Wimbledon set for heat breaks – but only for women

Wimbledon, long associated with depressing rain delays, will introduce emergency playing rules on Wednesday when temperatures are expected to reach the mid-30s, the highest ever for the tournament.

Organisers say a heat rule, which allows for a 10-minute break between the second and third sets of women’s matches, can be used when temperatures rise above 30.1 degrees Celsius (86.2 degrees Fahrenheit).

However, the rule which has been adopted by Wimbledon after lobbying from the WTA, does not apply to men even though they have to slug it out over the best of five sets.

Tuesday’s heat was expected to hover around the 30C mark, but will surge to around 35C on Wednesday. The highest-ever temperature recorded at Wimbledon was 34C in 1976.

Despite the heat, All England Club chiefs said that the Centre Court roof would not be closed to preserve the tournament’s integrity as an outdoor event.

Two-time Wimbledon champion Rafael Nadal said he enjoyed the heat after comfortably reaching the second round with a 6-4, 6-2, 6-4 win over Brazil’s Thomaz Bellucci on Tuesday.

“In Australia it can be much, much worse so it’s no comparison but actually it’s beautiful,” said the Spaniard.

“When you have this weather here in Wimbledon it’s probably one of the best places in the world.”

Roger Federer, the seven-time champion, said he was more concerned about the effect the heat had on the thousands of spectators inside the grounds of the south-west London venue.

“I think if they make a heat rule, it’s almost for everybody around us, as well,” said the 33-year-old Swiss after beating Damir Dzumhur of Bosnia in just 67 minutes on Tuesday.

“Eventually it’s not comfortable sitting eight hours in that kind of a heat for everybody. For us it’s just an hour two, three, four max, I’d say. Today was perfect conditions.”

Echoing Federer’s concerns, Wimbledon officials decided to cut the capacity of the All England Club on Tuesday.

 

– Capacity cut –

 

“We have reduced today’s initial capacity slightly to 38,000 to allow people more room in the grounds and therefore more space in the shade and easier access to the free water points,” said a spokesman.

Monday saw just over 43,000 people attend the matches.

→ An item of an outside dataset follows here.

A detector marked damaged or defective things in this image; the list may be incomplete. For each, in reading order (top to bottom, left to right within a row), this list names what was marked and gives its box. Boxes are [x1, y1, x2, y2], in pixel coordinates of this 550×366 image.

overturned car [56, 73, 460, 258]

Maria Sharapova, the highest earner in women’s sport and the 2004 champion at Wimbledon, said it was wrong to describe the heat index rule being invoked only for women as sexist, but admitted the men too should be allowed the same courtesy.

“I think if it’s something that they’re concerned about it, they can reevaluate,” said the Russian.

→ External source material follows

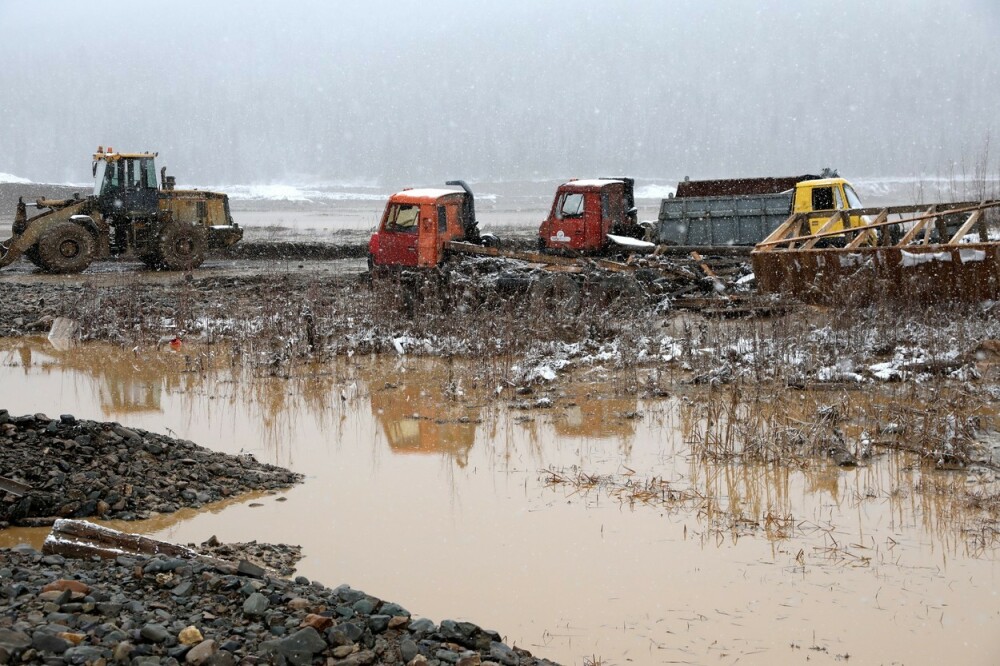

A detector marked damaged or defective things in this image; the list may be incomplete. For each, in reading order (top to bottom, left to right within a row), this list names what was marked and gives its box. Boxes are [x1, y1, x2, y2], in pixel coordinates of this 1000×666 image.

broken timber [752, 197, 1000, 300]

“If it does get quite hot for us, we’re able to use it, then why not?”

Women’s world number one Serena Williams, who like Sharapova is scheduled to play on Wednesday in the second round, said the heat would not concern her as she regularly trains in temperatures of over 40C at her Florida home.

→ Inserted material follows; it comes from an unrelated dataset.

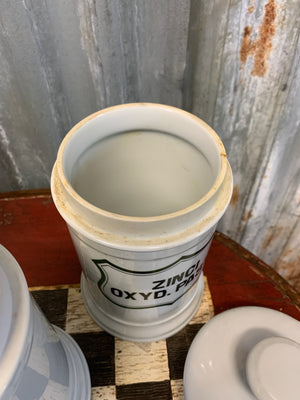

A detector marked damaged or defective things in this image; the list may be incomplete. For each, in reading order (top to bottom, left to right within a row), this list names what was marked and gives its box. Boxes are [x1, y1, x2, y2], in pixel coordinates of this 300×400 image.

rusty metal panel [0, 0, 298, 288]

“I don’t think I’ve ever played in 34, 35 degrees here, but I do in other countries. I just was training in Florida — it was like 42 degrees. This will be okay,” said the American, a five-time champion at Wimbledon.

In a country often overly fixed on day-to-day climate fluctuations, there is a mass of data reflecting the tournament’s highs and lows.

The hottest average maximum daily temperature — 30.8C — was recorded in 1976 while the lowest minimum recorded was 4.9C on June 24, 1999.

Only five Wimbledon tournaments have seen no rain whatsoever, the most recent of which was in 1993.

Spectators more accustomed to a wet and cooler Wimbledon can rest easy with rain expected on Thursday with temperatures expected to drop by around 10 degrees Celsius.